La discussione fra "liberisti" e "statalisti" impazza. I primi sostengono che la crisi in corso è grave ma passeggera, nel senso che ci si trova nel bel mezzo di una interruzione ciclica, curabile con misure monetarie e fiscali appropriate, mentre i secondi pensano che sia terminata un'epoca storica, iniziata trenta anni fa con Margaret Thatcher e con Ronald Reagan, e che bisogna cercare un modello di sviluppo diverso. Se con "liberista" si intende chi crede che il sistema economico lasciato libero di agire trovi un sentiero di crescita migliore di quello che troverebbe con interventi pubblici perpetui, allora "liberisti" sono quasi tutti, anche i "liberalisti".
La scuola "liberista" di Milton Friedman infatti sostiene che gli interventi di natura monetaria alla fine ottengono degli effetti di distorsione invece che di stimolo. La scuola "liberalista" di John Maynard Keynes infatti sostiene che gli interventi di tipo fiscale sono necessari, una volta che gli interventi di natura monetaria non bastino, ma non pensa che debbano essere eterni. Tutti costoro hanno alla base delle proprie teorie la convinzione che la concorrenza sia una buona cosa, da non toccare o da toccare solo quando necessario, non da impedire. "Statalista" è chi crede che lo stato debba pianificare o guidare gli investimenti importanti, lasciando al mercato i servizi. In una battuta, l'Enel sia pubblica, la massaggiatrice privata. "Statalista" è chi crede che il mercato non sia capace di fare gli investimenti giusti e necessari. "Statalista" è quindi chi crede che la pianificazione sia in grado di far crescere il sistema meglio di quanto facciano il sistema dei mercati con qualche cura di politica economica.
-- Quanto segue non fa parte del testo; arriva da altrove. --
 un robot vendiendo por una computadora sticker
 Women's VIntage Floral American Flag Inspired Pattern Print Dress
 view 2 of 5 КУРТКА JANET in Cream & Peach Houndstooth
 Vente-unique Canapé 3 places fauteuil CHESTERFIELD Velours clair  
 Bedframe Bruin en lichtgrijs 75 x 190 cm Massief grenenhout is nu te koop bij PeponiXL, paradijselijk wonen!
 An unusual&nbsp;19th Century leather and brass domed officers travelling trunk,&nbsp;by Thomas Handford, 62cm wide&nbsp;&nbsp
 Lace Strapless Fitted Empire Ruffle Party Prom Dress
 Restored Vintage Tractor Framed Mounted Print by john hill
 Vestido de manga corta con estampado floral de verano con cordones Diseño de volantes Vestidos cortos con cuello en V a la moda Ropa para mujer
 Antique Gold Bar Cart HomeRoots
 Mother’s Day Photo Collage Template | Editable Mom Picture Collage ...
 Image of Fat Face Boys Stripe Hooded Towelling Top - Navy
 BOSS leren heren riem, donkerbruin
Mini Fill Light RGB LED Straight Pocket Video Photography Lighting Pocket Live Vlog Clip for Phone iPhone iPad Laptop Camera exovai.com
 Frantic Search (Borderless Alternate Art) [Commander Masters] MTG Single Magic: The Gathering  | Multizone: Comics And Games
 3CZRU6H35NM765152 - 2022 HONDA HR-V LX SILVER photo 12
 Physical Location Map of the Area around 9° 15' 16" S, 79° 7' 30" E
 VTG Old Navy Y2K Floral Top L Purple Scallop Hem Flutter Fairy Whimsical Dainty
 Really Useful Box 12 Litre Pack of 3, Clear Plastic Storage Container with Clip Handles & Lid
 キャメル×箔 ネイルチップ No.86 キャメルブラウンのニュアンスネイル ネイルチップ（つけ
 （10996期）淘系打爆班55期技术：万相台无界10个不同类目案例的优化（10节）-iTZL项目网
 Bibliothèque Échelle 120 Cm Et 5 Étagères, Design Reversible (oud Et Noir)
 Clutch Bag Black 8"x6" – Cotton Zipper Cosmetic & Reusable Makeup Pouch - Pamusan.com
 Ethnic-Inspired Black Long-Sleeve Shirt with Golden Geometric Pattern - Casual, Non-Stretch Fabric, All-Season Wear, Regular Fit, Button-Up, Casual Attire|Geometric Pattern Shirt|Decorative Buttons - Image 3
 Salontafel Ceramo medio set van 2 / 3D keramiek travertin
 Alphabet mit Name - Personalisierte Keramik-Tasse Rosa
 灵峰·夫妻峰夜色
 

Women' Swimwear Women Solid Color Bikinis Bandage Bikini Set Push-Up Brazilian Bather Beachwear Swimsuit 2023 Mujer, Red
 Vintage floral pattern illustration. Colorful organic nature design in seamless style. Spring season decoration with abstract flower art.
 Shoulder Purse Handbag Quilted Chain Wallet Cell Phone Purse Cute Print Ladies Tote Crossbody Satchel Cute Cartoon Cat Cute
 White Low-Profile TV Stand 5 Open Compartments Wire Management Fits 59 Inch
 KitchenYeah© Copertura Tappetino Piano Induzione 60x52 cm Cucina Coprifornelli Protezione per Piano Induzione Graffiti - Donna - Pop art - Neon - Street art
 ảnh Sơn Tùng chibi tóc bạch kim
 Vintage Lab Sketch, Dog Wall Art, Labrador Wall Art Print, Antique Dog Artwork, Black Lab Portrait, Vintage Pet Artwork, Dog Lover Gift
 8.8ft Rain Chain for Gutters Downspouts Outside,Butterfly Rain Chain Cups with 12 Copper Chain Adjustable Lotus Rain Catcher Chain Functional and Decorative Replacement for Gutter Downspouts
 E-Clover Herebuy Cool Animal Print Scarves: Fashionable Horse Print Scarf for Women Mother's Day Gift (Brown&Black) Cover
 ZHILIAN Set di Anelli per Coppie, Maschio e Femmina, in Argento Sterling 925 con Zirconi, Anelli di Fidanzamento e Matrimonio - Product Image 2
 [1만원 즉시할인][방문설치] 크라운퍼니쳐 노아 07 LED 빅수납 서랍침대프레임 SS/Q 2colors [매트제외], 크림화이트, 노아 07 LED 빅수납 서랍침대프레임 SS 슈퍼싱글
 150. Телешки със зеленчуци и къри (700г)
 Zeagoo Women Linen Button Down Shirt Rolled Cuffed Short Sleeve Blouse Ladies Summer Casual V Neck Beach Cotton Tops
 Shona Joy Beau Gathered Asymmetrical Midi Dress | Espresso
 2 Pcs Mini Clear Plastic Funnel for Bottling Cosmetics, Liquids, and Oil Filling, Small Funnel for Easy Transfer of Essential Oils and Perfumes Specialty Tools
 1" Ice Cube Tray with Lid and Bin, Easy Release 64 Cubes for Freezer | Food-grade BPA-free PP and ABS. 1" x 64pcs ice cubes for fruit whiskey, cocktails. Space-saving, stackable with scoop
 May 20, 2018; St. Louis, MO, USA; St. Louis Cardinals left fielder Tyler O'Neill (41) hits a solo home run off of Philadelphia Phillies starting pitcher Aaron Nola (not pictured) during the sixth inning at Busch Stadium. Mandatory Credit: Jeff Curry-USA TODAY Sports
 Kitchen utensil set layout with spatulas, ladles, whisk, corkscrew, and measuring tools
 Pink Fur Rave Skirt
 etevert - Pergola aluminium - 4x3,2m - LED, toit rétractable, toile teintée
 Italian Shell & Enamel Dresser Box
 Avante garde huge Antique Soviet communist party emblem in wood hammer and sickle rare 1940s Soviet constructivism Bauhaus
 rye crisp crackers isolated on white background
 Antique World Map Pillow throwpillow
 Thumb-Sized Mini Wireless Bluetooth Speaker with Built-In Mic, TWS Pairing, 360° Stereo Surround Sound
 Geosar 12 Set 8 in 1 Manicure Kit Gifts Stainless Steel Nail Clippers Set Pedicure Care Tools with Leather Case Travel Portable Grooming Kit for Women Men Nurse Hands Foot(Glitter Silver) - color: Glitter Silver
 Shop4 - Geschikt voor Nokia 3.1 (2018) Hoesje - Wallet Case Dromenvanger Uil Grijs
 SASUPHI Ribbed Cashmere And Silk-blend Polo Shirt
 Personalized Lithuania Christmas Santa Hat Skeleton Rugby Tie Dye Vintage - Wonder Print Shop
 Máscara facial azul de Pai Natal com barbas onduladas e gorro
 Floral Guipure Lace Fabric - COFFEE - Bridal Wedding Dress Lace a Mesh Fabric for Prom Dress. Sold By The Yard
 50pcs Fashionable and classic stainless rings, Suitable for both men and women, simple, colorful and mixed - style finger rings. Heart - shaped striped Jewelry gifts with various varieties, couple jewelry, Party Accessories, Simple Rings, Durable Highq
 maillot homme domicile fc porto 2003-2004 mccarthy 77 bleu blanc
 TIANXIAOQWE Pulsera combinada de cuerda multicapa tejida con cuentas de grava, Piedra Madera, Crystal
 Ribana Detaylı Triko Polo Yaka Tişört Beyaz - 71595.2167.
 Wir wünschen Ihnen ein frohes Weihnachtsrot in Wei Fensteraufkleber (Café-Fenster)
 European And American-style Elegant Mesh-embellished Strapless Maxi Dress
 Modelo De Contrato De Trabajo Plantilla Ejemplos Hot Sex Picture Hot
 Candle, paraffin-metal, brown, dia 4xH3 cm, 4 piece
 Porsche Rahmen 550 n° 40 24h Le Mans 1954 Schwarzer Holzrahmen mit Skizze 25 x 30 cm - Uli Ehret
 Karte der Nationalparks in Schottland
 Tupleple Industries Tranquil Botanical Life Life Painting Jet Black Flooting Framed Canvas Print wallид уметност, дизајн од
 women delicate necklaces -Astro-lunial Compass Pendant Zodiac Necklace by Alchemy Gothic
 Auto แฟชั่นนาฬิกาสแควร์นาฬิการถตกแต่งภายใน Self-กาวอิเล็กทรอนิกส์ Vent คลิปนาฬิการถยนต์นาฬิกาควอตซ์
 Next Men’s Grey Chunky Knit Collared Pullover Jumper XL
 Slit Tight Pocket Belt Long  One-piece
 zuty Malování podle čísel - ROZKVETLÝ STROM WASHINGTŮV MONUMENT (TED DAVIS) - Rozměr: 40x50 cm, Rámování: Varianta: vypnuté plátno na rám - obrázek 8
Si possono tentare delle dimostrazioni a favore di una tesi o dell'altra. Ma serve a poco. Meglio è ragionare in termini storici. Lo statalismo era al minimo della propria credibilità quando in Gran Bretagna gli scioperi continui, nonché la "monnezza" ovunque, spinsero verso la Thatcher. Oggi la crisi della finanza ha portato ai minimi termini la credibilità del sistema centrato sui mercati. Dunque, come avrebbe detto Georg Wilhelm Friedrich Hegel, è la storia e non la teoria il giudice ultimo ed inappellabile del successo. I distinguo servono e non servono nel campo della maschia battaglia delle idee. Contano più le dimostrazioni sulle evidenze che non quelle sulle finezze. Che poi le evidenze non siano tali, come si capisce quando le cose si studiano decenni dopo, è un altro discorso. Torniamo all'oggi. Negli Stati Uniti lo statalismo non ha seguaci. Sia John MacCain che Barack Obama seguono la scuola liberalista, ossia curiamo il nostro amato ammalato, la libera intrapresa, che ha il febbrone. Con i tassi bassi (politica monetaria) e con il deficit pubblico (politica fiscale). Lo statalismo ha presa in Europa, non nella versione estrema del socialismo, ma nella versione nella fiducia nelle virtù della protezione statale. La protezione statale è un gran cosa se uno è un pilota o uno steward, un dirigente o un operaio delle grandi fabbriche, ma non è una gran cosa per chi è fuori dai gruppi di pressione organizzati, ossia quasi tutti quanti. La protezione statale, nel favorire alcuni, porta i prezzi e la qualità dei loro prodotti o dei loro servizi sopra il prezzo e sotto la qualità che si avrebbe in un sistema di concorrenza. Ergo, se io sono un pilota ho una rendita, ma quando compro una autovettura la pago di più.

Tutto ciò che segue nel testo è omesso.